Black women themselves have been given the world’s short end of the stick, from telling darker toned women of colour they’re ugly and also seeing some of their own men blatantly ignore their existence, whom has ventured in every single race, but not even give a second glance at their own race of women. This on its own accord is damaging to some women’s psyche. Imagine a genre that was made by women and men that look like you, turn around and condemn you. It can be disheartening.

If you haven’t been living under a rock, you also know of the unfortunate murder of the unarmed black teen Michael Brown, as well as other racially motivated hate crimes against young black men/children. Black bodies have always been vilified by White America regardless. Black bodies meaning both men and women have been torn down, murdered and hated by the system. Excluding women from this cover can be viewed as erasure of the struggle they face as well. Not to also mention that black women have been the face of the majority of the protests, we also organized, supported and have been fighting for black men’s’ lives without any resistance.

It could be argued that black women are just overreacting and it’s not that ‘deep’. Also due to the nature of how the black men are presented on the cover, it could be argued that why would black women want to be represented ‘negatively?’ The reality of it is, there are black women who could greatly relate to this cover. There are black women who are gang-banging and are profiled by police. There are black women who undergo a lot of the same things as the black men within their community. To even say that black women wouldn’t be a good fit for this cover would be complete and utter inanity.

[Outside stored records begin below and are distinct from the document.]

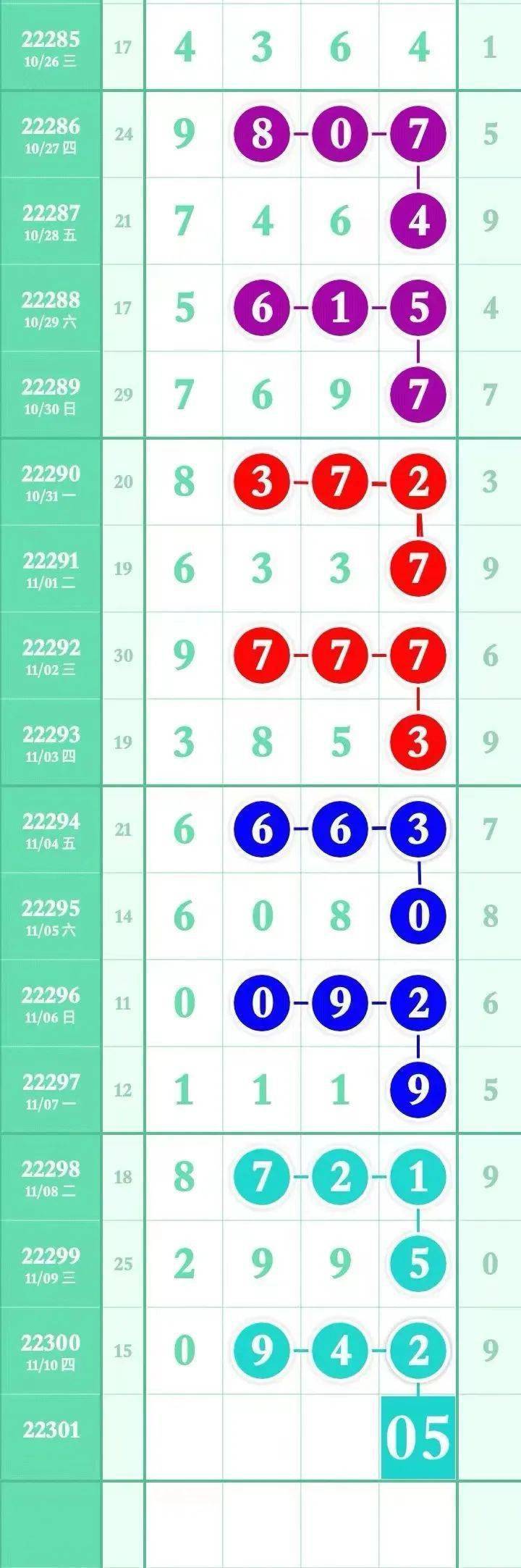 第226页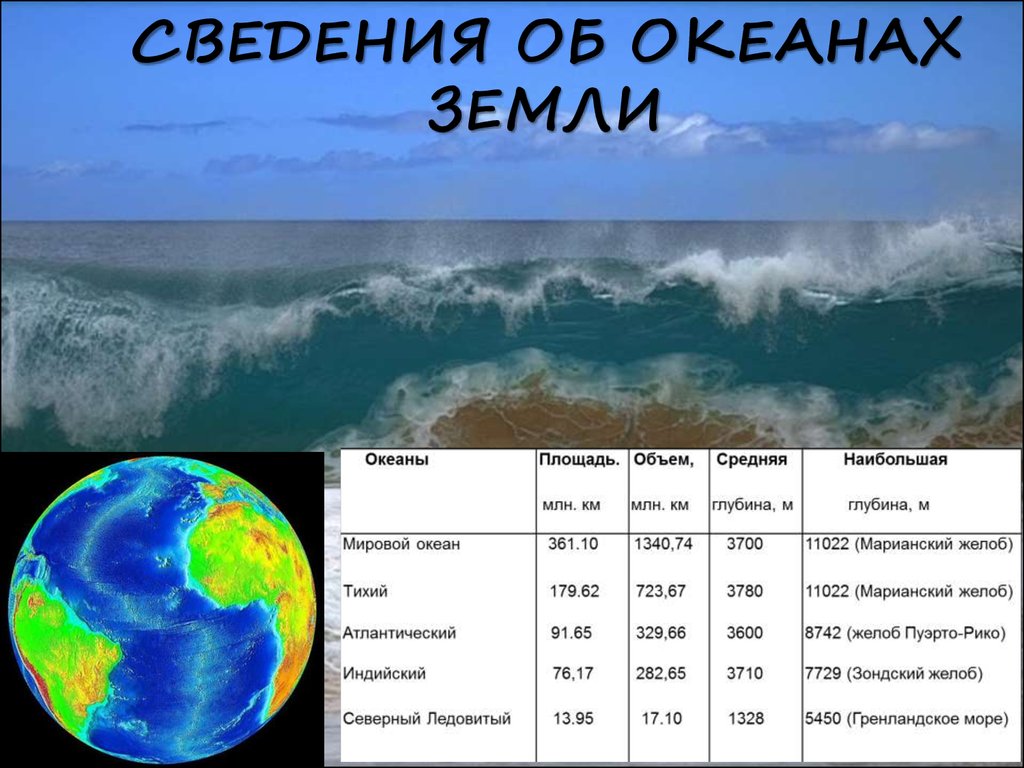 Третий по размеру океан. Океаны земли. Сколько океанов на земле. Названия океанов на земле список. Скотуо океанов на земле.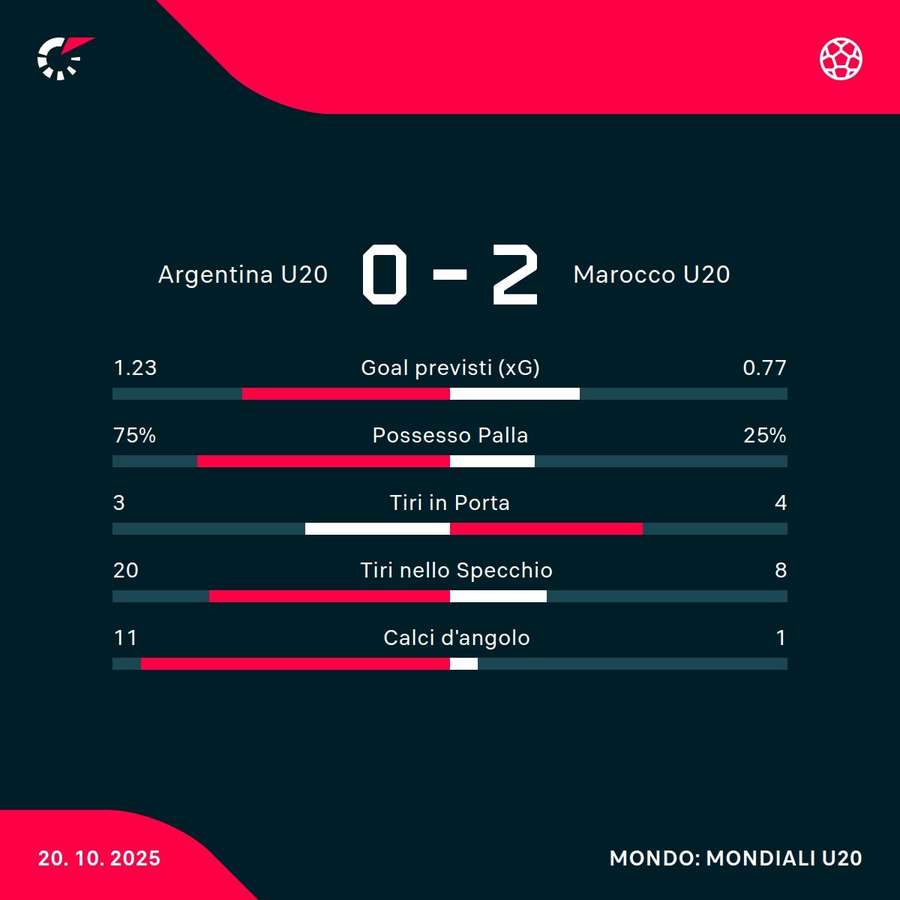 Le statistiche del match Le statistiche del match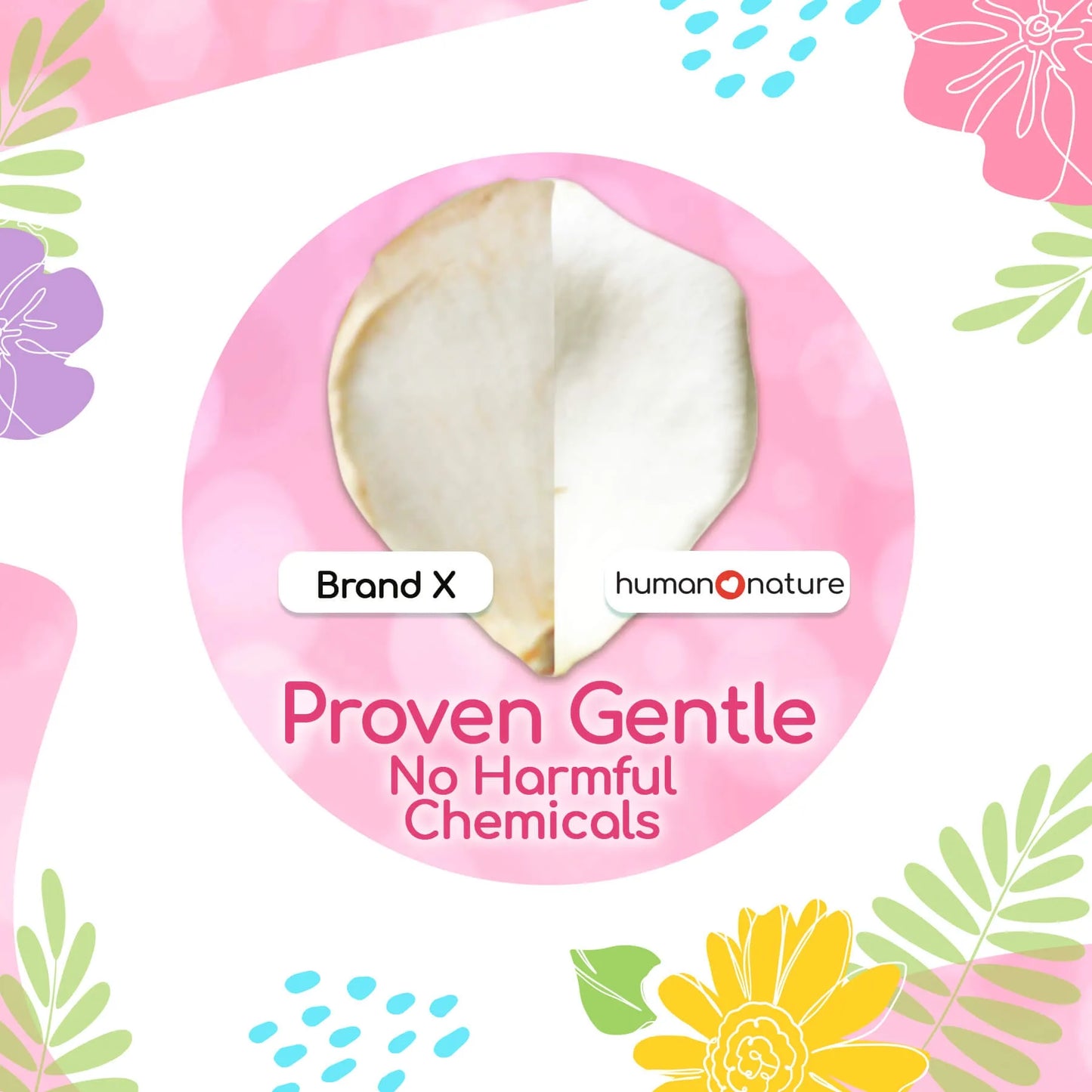 Human Nature Odor Protect Feminine Wash 165ml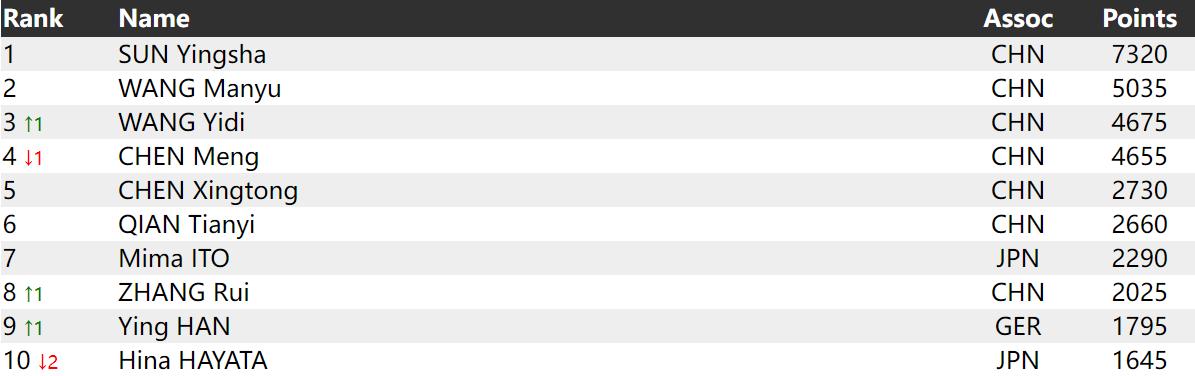樊振东2项第一孙颖莎3项第一,孙颖莎樊振东排名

In reality, it may just be another album cover; maybe we are looking too deep into this. Kendrick may have just wanted to prove another point by using the most hood looking black men to represent his message, but before you go out of your way to ignore or attack black women’s outrage, look at it from their perspective. Are they genuinely represented enough throughout anything related to blackness? Are they genuinely respected entirely by our black men? Is it fair to silence their struggles by not representing them within something they also face? A picture of a multitude of black men over powering the government that works so profusely to tear them down is an extremely powerful message, so why isn’t it ‘’that serious’’ when black women are outraged of not being included in this moment of revolution? Think about it. As I digress, it just seems incredibly insulting to make a song praising blackness, but not include everyone within this empowerment and appreciation of blackness. Kendrick, you may just be the biggest hypocrite of 2015.